Companies are given authority to construct new projects through a bidding process, and that process is open to both existing transmission companies and new companies just entering the market.

The controversy began in 2015 when two new companies, Transource and Kanstar, decided they wanted to get into the market in the SPP region. Both are holding companies that sought to set up a number of different state-specific subsidiaries in the region, starting with Kansas.

Those companies sought to obtain preapproval for the base rates they could charge to recover costs, if they were to construct a project in Kansas. In addition, they wanted the preapproved rates in Kansas to be used as a template for future subsidiaries they might set up in other states without having to go through the same application and review process again.

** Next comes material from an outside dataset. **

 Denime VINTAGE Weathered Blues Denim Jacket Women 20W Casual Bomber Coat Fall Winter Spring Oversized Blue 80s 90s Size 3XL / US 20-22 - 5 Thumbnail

Preapproval was needed, they argued, because without it, they would be at a competitive disadvantage to existing companies that already have rates in place. Also, they said, in order to compete, they must submit their bids within 180 days of notice, but it can take upward of a year or two for FERC to approve their rates, thus making it impractical to wait for FERC approval before the bidding window opens.

The KCC filed objections in both of those cases, arguing that FERC had no authority to approve rates for future subsidiaries that hadn’t even been formed yet. By doing so, KCC said, the burden of proof would be reversed in future cases. Instead of transmission companies and FERC bearing the burden to show that rates were just and reasonable, state regulators would have to prove they were unjust and unreasonable.

In 2016, though, FERC rejected those arguments. The KCC appealed to the D.C. Circuit Court of Appeals, but in February, the appellate court rejected the state’s argument, saying it did not have standing because it had not yet suffered any specific harm.

Attorney General Schmidt is now being asked whether it would be worth the state’s time and effort to appeal further.